By Peter McMeekin
Two global races will dominate the news wires here in Australia this week. The first is the Melbourne Cup which will have been run and won by the time most people read this report. Considering the calibre of the international visitors, this year’s edition would have to be amongst the strongest in the history of the race.
However, the quality of the local contingent is also solid, and there are a couple of horses that have done most of their racing in Australia who will be carrying my hard-earnt this year.
The second event, of course, is the United States Presidential election which culminates this week after what feels like an eternity. Unlike other developed countries, the US does not have any laws limiting the length of their election campaigns, and this one will have lasted 1,194 days by the time the ballots finally close on Tuesday.
Global equities and futures markets will be eagerly awaiting the result. A victory for the blue corner could stimulate inflationary pressures in the US economy, which would be bullish for agricultural futures markets. Interesting that the funds are carrying serious long positions in both corn and soybean futures going into election day. If the red corner is returned to the White House, it will signal a continuation of existing economic and political policies.
Both Donald Trump and Joe Biden made wide-ranging promises over the last weeks of the campaign to protect the corn-based ethanol industry to secure last-minute support across the crucial Farm Belt states. The industry is extremely concerned about its future as the next President will preside over a broad-ranging reassessment of the congressional mandate to blend biofuels with petrol.
The Renewable Fuel Standard was created in 2005 to reduce US oil consumption and greenhouse gas emissions, and the potential reset in policy could define ethanol’s role beside oil in a low-carbon economy. Some industry pundits believe that the US has already reached peak ethanol demand as the fuel efficiency of vehicles continues to improve, the adoption of electric vehicles increases rapidly, and many young people choose not to drive.
Joe Biden has promised to accelerate the electric car sales trend if he wins office on Tuesday, a pledge that has both US farmers and ethanol refiners concerned. But he has also promised a more multilateral approach to international trade and pursue a trade policy that works for American farmers.

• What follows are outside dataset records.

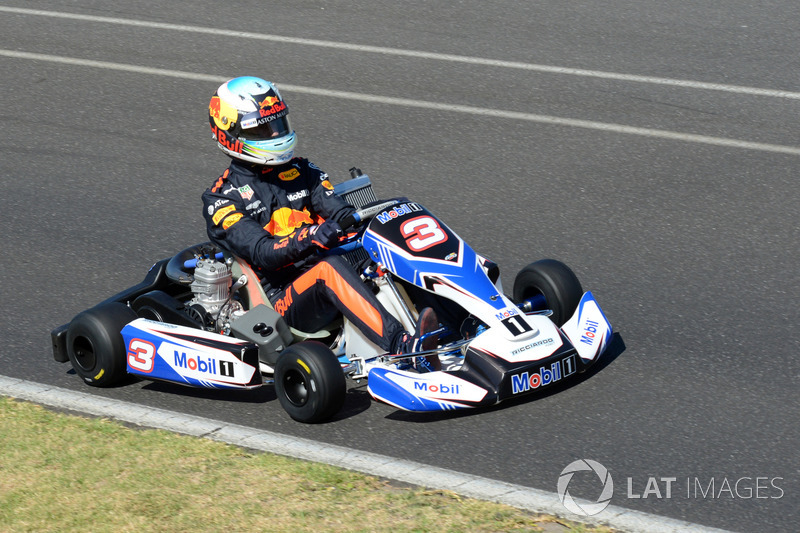 Daniel Ricciardo, Red Bull Racing, fait du karting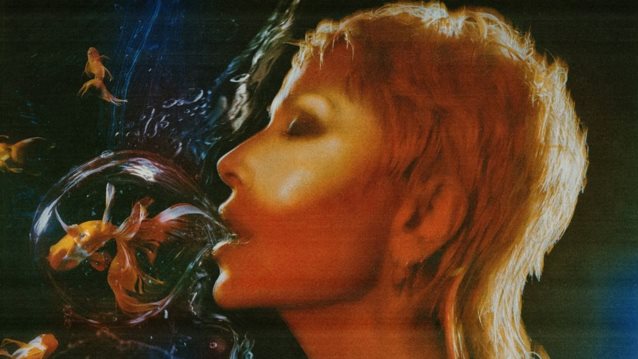 Το νέο single της Άννας Βίσση με την υπογραφή του Νίκου Καρβέλα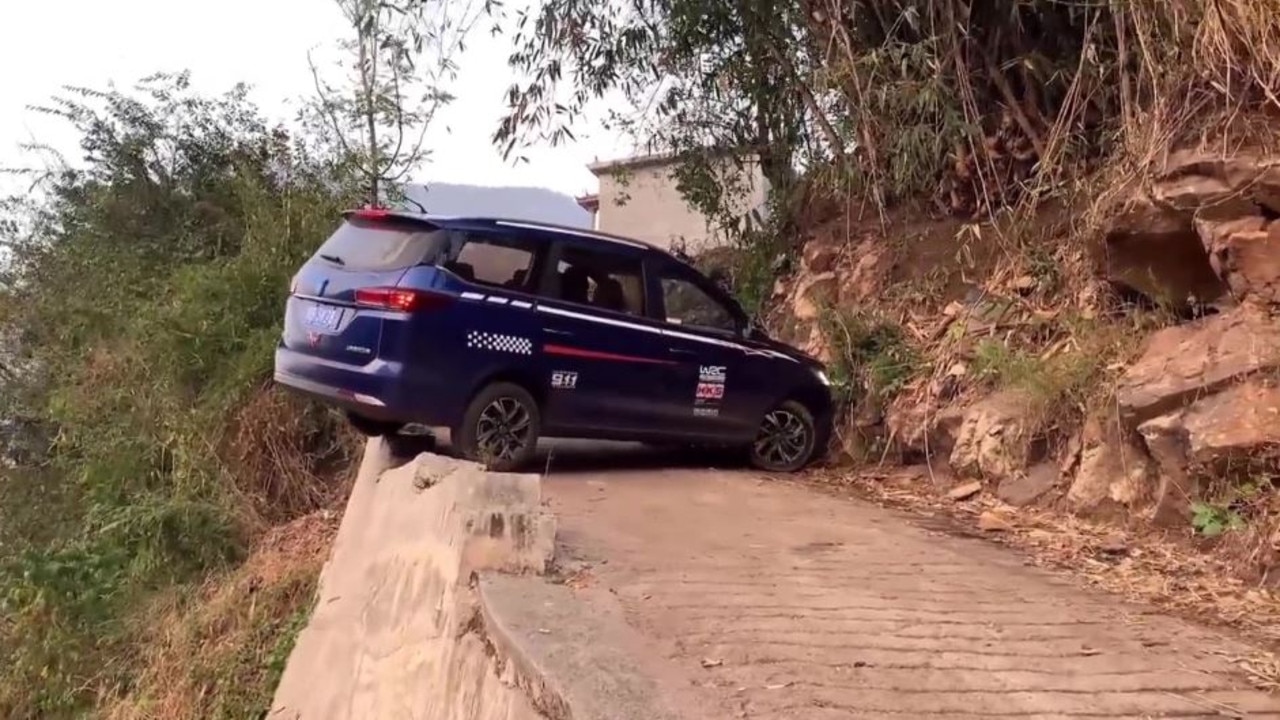 The driver decided to do the U-turn in a precarious place. Picture: DrivingSkill YouTube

However, it appears that the US farmer continues to be firmly in the republican corner despite a trade war with China that has cost the US agricultural industry tens of billions of dollars. It is quite a bizarre scenario since Trump's long-running stoush with China has seriously challenged farm profitability.
Of course, huge subsidies are being paid to farmers to offset the reduction in income resulting from the trade war, but in most cases, farmers are still out of pocket. Some critics have accused the President of using the US$28 billion subsidy program, funded by the US taxpayer, to buy farmer votes.
And when it comes to the environment, the two candidates are poles apart. Trump has criticized environmental regulations as needless red tape, and his first term administration has taken steps to diminish or abolish them.
Biden has promised a democrat presidency would make changes to a number of environmental regulations that would benefit farmers. He has proposed boosting the use of clean-energy sources, which could potentially encourage the viability of more grain-based biofuels. He has also suggested that farmers would receive income subsidies based on the adoption of environmental practices that improve carbon sequestration under a democrat government.
Meanwhile, US farmers are busy with their row crop harvest which is running well ahead of recent years and is quickly approaching its finale. As of November 2, the corn harvest was reported to be 82 per cent completed. This compares to just 49 per cent on the same date in 2019 and the five-year average of 69 per cent.
The US corn market was sharply lower last week on the back of profit-taking and the risk-off sentiment ahead of the election. But it did bring out some buyers with Mexico booking 1.43 million metric tonne of US corn, their biggest purchase in almost 12 months. China has been absent for two weeks, but reports continue to circulate that Beijing is considering additional tariff rate quotas to satisfy burgeoning domestic requirements in the face of lower production.
The soybean harvest was reported to be 87 per cent done as of yesterday, compared to 71 per cent at the same time last year and a five-year average of 83 per cent. There were some weather delays in the last seven days, but the next ten days look to be clear which should allow the harvest to conclude in many regions.
The Chinese were relatively quiet on the buying front last week, but they were in the market seeking offers from both the US and Brazil. The talk is that the private buyers in China are waiting for the US election to play out before taking on any additional cover.
The US winter wheat regions finally received their much-needed drink. This led to a slight improvement in crop ratings to 43 per cent good to excellent. This compares to just 41 per cent when the first numbers were released last week and 57 per cent at the same time in 2019. The winter wheat seeding program is nearing completion with 89 per cent of the projected area planted, in line with 88 per cent last year and the five-year average of 86 per cent.
Back to the topic at hand where one would think it should be easier to pick the winner of a two-horse election marathon than the Melbourne Cup with 24 runners. The polls say Biden, but they were tipping Clinton 4 years ago and look who won. It seems many in the US are closet Trump supporters, so who knows? I will stick to the horses: much more fun, I will get a good run for my money, and win, lose or draw I will be happy with my choice!